Help using Base SAS procedures

Using proc freq for a crosstab (two-by-two); how do I include all levels of Y?

Accepted Solution Solved
Reply
Contributor
Posts: 29
Accepted Solution

Using proc freq for a crosstab (two-by-two); how do I include all levels of Y?

I feel like this should be really easy and obvious, but I can't figure it out. Any advice is appreciated!

 

It starts with just a simple crosstab. I need the output to be a list of values of x (number of events) for each level of y (regions), of which there are 13. There are 4 types of events, and I need a table to summarize each. Occasionally, there are 0 events in a region. However, I need the output to list all 13 regions. Is there some ridiculously simple solution that I've just overlooked? I tried the sparse option, and it didn't work.

 

proc freq data = have noprint;
    table region * num_events / nopercent norow nocol
    out = want;
run;

Thank you!!!!

Doctor J

Accepted Solutions
Solution
‎07-21-2017 05:50 PM
Super User
Posts: 17,863

Re: Using proc freq for a crosstab (two-by-two); how do I include all levels of Y?

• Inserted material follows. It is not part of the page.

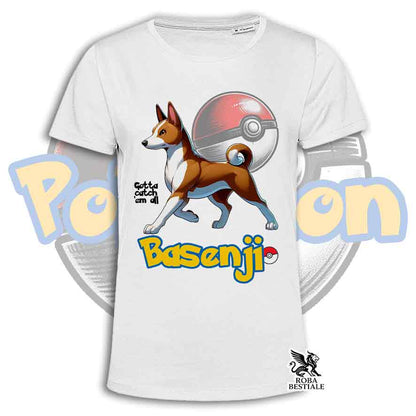 T-Shirt POKEMON - BASENJI Rosso e Bianco - Bianca o Beige, da Uomo o da Donna - dalla XS alla 5XL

SPARSE/LIST will not work in this case. You need to use PRELOADFMT or CLASSDATA instead.

If the data is not there, SAS cannot know it exists unless you tell it somehow. That 'somehow' is PRELOADFMT or CLASSDATA.

 

A quick search of those terms on here or lexjansen.com will illustrate fully worked examples that will show you how to modify your code/process.

 


kjowers wrote:

Hi,

 

Attached are my data and syntax files. I've also pasted the syntax below. The issue is that I need the last 2 sheets on the exported .xls file to list all 13 regions, with 0 values as appropriate, rather than excluding the regions with 0 values. I can't seem to get the list/sparse combo to work - it outputs the total sample, not the subsetted samples.

 

/*** import current month's data ***/

proc import out = have_master
	datafile = 'W:\Have\have.xls' 
	dbms = excel replace;
	getnames = yes;
run;


/*** assign region ***/

data have_1;
	set have_master;

	format region 2.;
	informat region 2.;

	if county in (2)			then region = 1;
	if county in (30)			then region = 2;
	if county in (3)			then region = 3;
	if county in (16)			then region = 4;
	if county in (15)			then region = 5;
	if county in (13)			then region = 6;
	if county in (1,11,21)		then region = 7;
	if county in (5,9,14,17,20)	then region = 8;
	if county in (19,22,23)		then region = 9;
	if county in (4,8,18)		then region = 10;
	if county in (7,12)			then region = 11;
	if county in (10)			then region = 12;
	if county in (6)			then region = 13;

run;


/*** create output datasets ***/

	/** subset variables **/

data have_2;
	set have_1;

	format lh 1.;
	format lc 1.;
	format ulh 1.;
	format ulc 1.;

	if type in ('registered')	then lh = 1;
	if type in ('licensed')		then lc = 1;
	if type in ('illegal') and illegal_type in ('h')
								then ulh = 1;
	if type in ('illegal') and illegal_type in ('c')
								then ulc = 1;

run;

	/** tables **/

proc freq data = have_2;
	where type in ('registered');
		tables lh * region / nopercent norow nocol
			out = lh;
run;

proc freq data = have_2;
	where type in ('licensed');
		tables lc * region / nopercent norow nocol
			out = lc;
run;

proc freq data = have_2;
	where type in ('illegal') and illegal_type in ('h');
		tables ulh * region / nopercent norow nocol
			out = ulh;
run;

proc freq data = have_2;
	where type in ('illegal') and illegal_type in ('c');
		table ulc * region / nopercent norow nocol
			out = ulc;
run;


/*** export output to .xls ***/

proc export data = lh
	outfile = 'W:\Have\want.xls'
	dbms = excel replace;
	sheet = 'lh';

proc export data = lc
	outfile = 'W:\Have\want.xls'
	dbms = excel replace;
	sheet = 'lc';

proc export data = ulh
	outfile = 'W:\Have\want.xls'
	dbms = excel replace;
	sheet = 'ulh';

proc export data = ulc
	outfile = 'W:\Have\want.xls'
	dbms = excel replace;
	sheet = 'ulc';

run;

 

Thank you!!!!


 

View solution in original post


All Replies
Super User
Posts: 10,516

Re: Using proc freq for a crosstab (two-by-two); how do I include all levels of Y?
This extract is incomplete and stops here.